-- Study material follows --

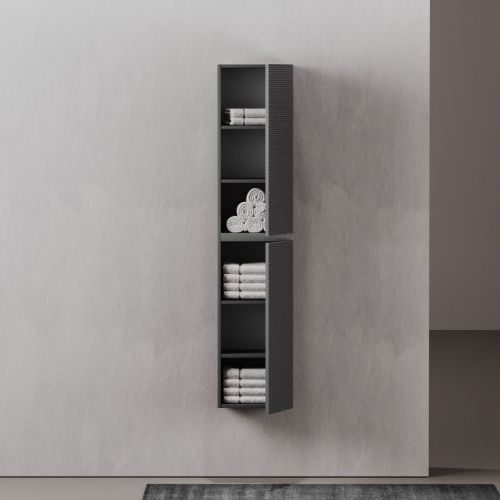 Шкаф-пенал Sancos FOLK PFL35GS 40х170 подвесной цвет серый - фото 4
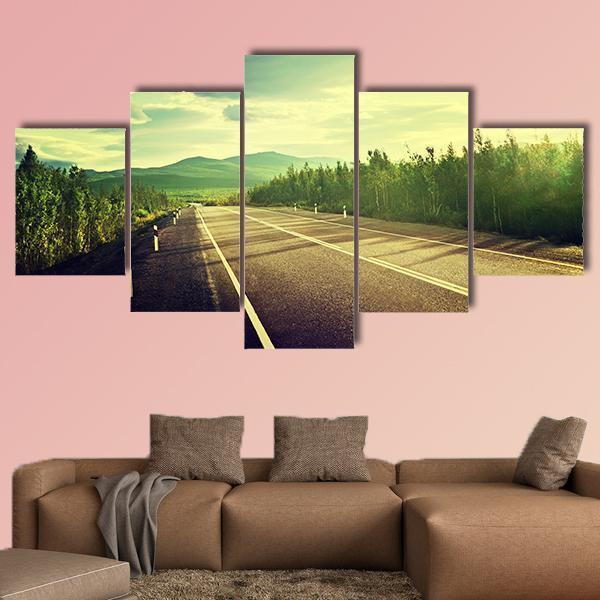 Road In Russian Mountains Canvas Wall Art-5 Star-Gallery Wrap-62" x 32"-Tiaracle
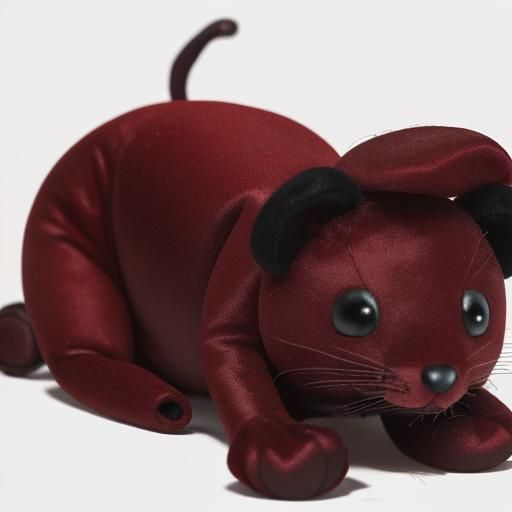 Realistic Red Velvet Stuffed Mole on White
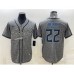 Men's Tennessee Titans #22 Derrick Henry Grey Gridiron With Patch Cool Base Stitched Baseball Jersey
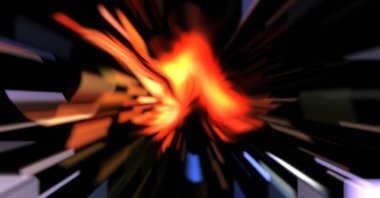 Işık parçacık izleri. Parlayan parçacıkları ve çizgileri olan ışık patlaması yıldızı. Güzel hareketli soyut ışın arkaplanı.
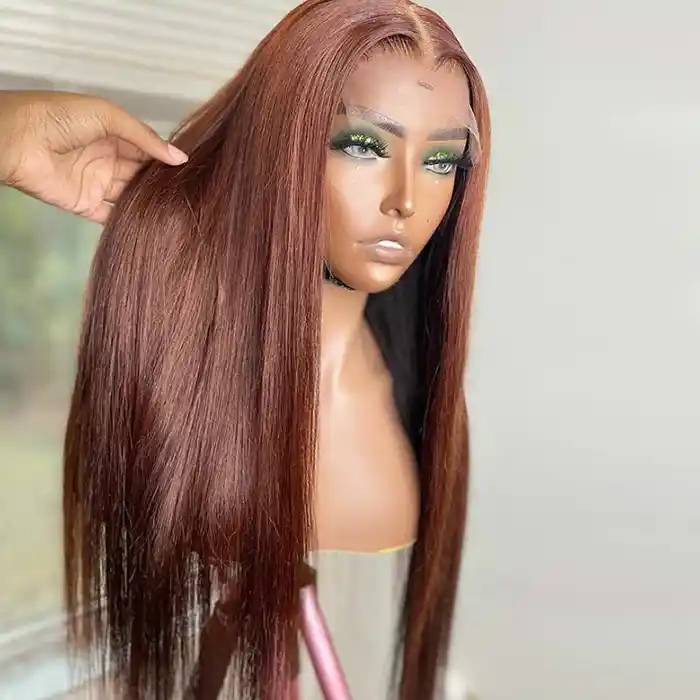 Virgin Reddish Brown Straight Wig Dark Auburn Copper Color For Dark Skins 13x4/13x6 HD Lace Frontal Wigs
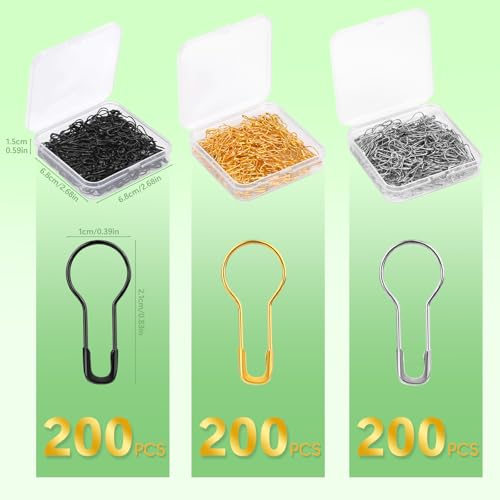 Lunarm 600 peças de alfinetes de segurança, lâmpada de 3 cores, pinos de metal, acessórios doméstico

-- Study material concluded --
-- Study material follows --

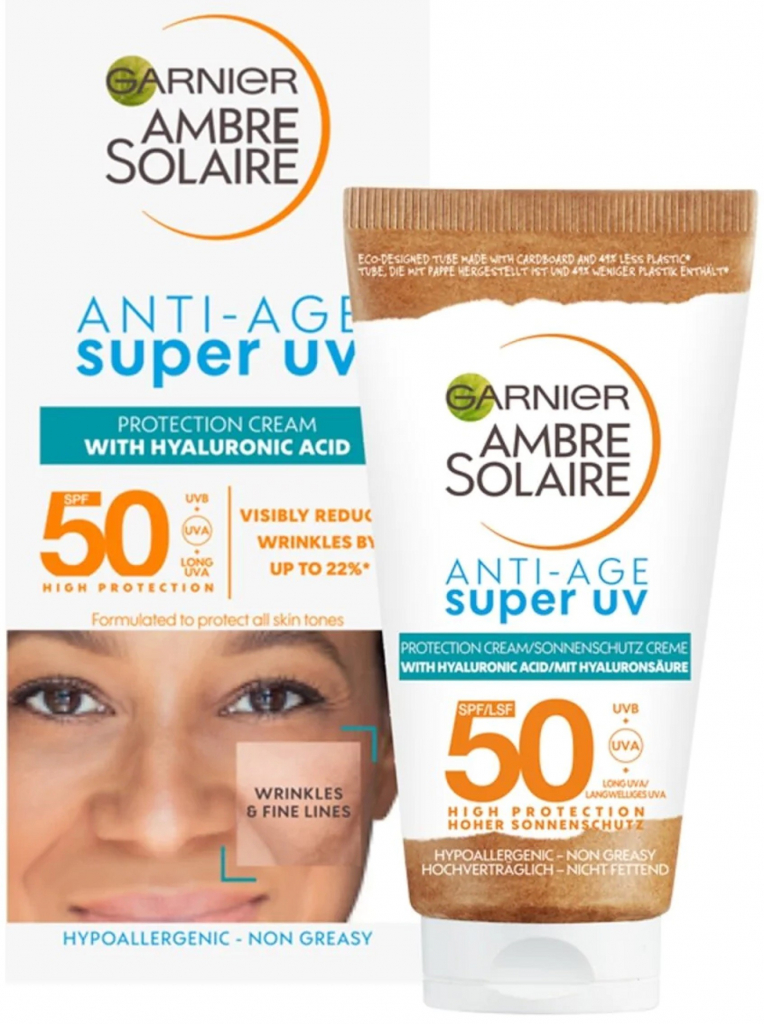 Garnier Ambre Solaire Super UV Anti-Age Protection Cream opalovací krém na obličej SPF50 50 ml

-- Study material concluded --
-- Study material follows --

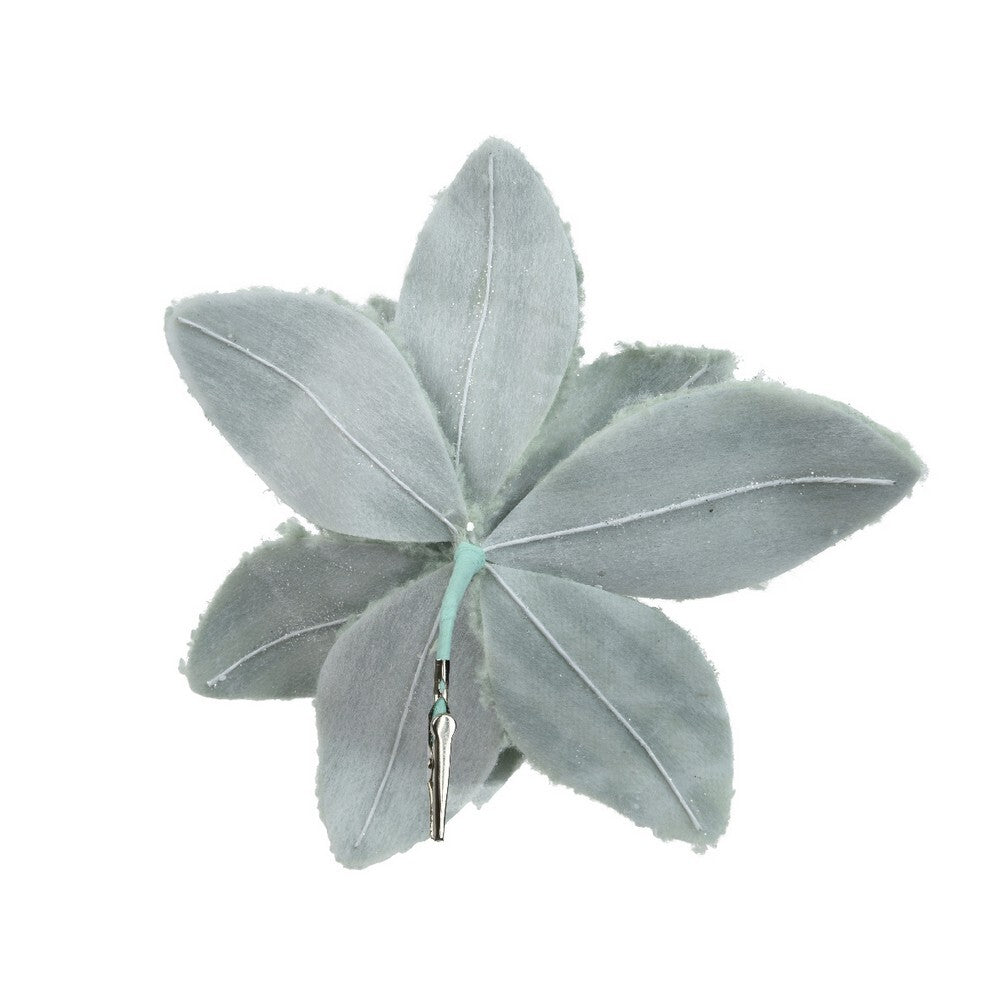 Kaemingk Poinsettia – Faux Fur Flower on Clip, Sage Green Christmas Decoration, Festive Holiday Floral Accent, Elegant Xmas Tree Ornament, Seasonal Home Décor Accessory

-- Study material concluded --

Give again the stretch of the entries above that begins at the line with "Шкаф-пенал Sancos FOLK" and ends at the line with "Lunarm 600 peças", word for word, with no pictures.

 Шкаф-пенал Sancos FOLK PFL35GS 40х170 подвесной цвет серый - фото 4
 Road In Russian Mountains Canvas Wall Art-5 Star-Gallery Wrap-62" x 32"-Tiaracle
 Realistic Red Velvet Stuffed Mole on White
 Men's Tennessee Titans #22 Derrick Henry Grey Gridiron With Patch Cool Base Stitched Baseball Jersey
 Işık parçacık izleri. Parlayan parçacıkları ve çizgileri olan ışık patlaması yıldızı. Güzel hareketli soyut ışın arkaplanı.
 Virgin Reddish Brown Straight Wig Dark Auburn Copper Color For Dark Skins 13x4/13x6 HD Lace Frontal Wigs
 Lunarm 600 peças de alfinetes de segurança, lâmpada de 3 cores, pinos de metal, acessórios doméstico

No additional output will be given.